■ **INFORMATION SHOWN**
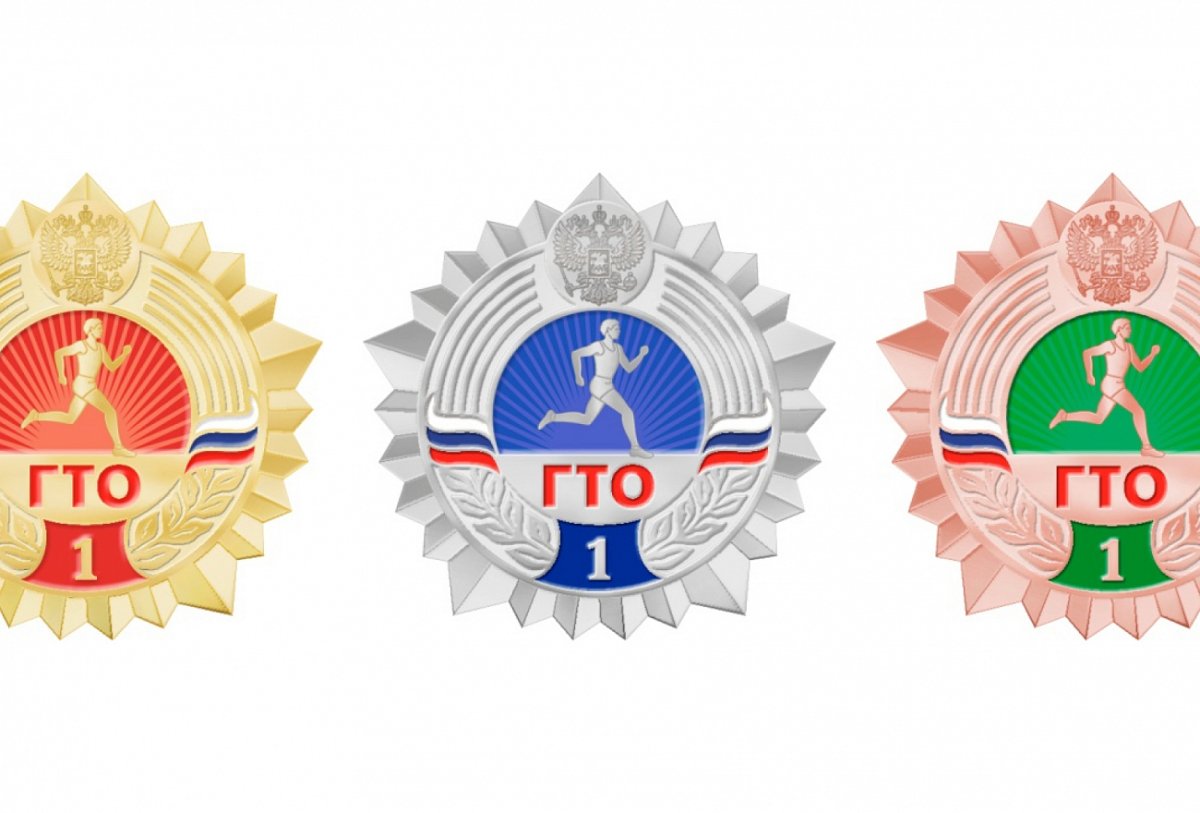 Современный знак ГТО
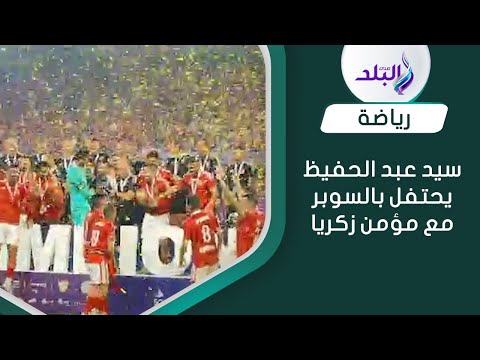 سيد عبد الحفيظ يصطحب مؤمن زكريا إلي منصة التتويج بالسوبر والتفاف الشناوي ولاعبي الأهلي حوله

---

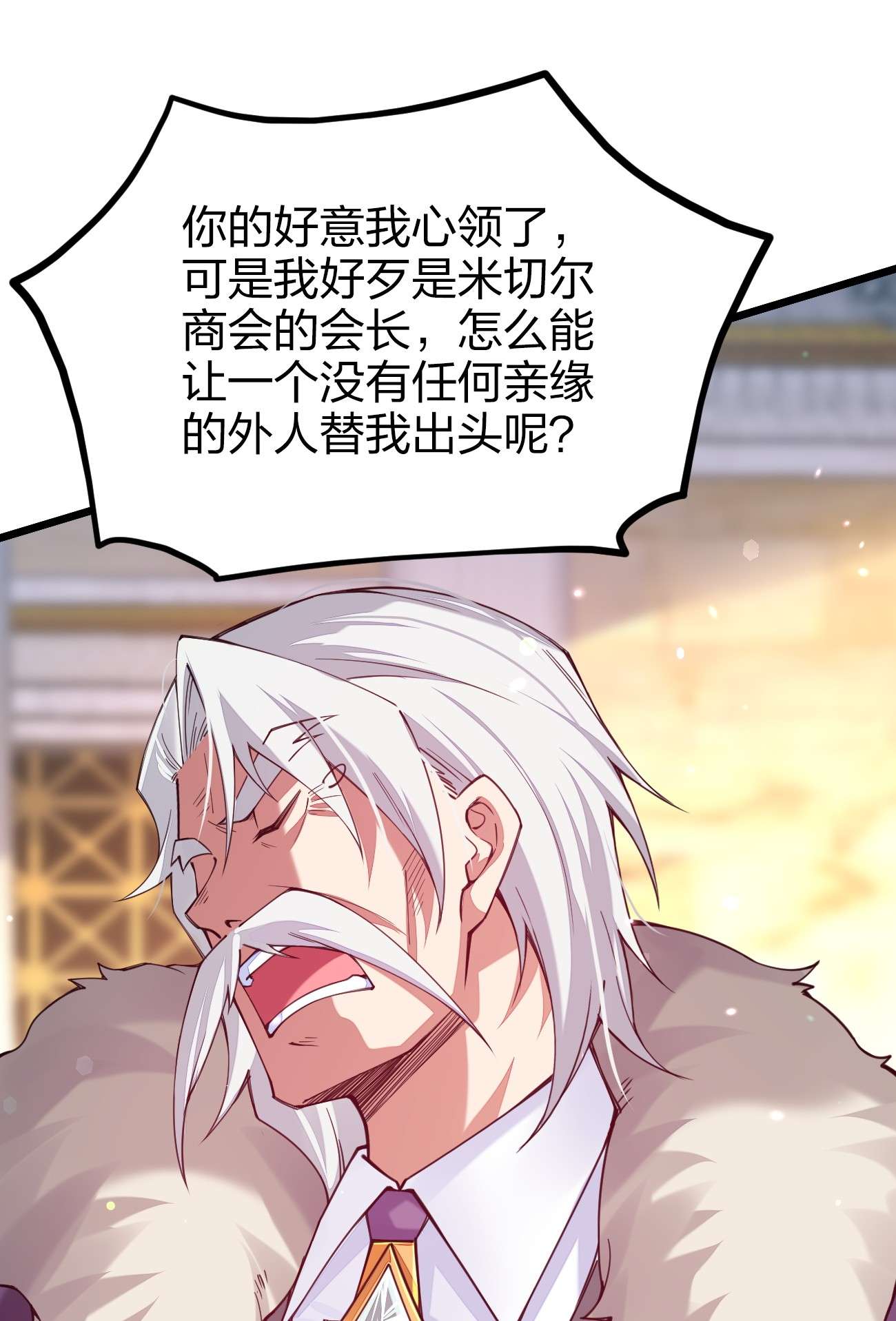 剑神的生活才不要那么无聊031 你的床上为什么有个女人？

■ **REQUIRED ACTION**
Print nothing except the lines above from the one containing "Современный знак ГТО" down to the one containing "سيد عبد الحفيظ", both included, exactly as written and free of pictures.

■ **SOLVED PROBLEM**
 Современный знак ГТО
 سيد عبد الحفيظ يصطحب مؤمن زكريا إلي منصة التتويج بالسوبر والتفاف الشناوي ولاعبي الأهلي حوله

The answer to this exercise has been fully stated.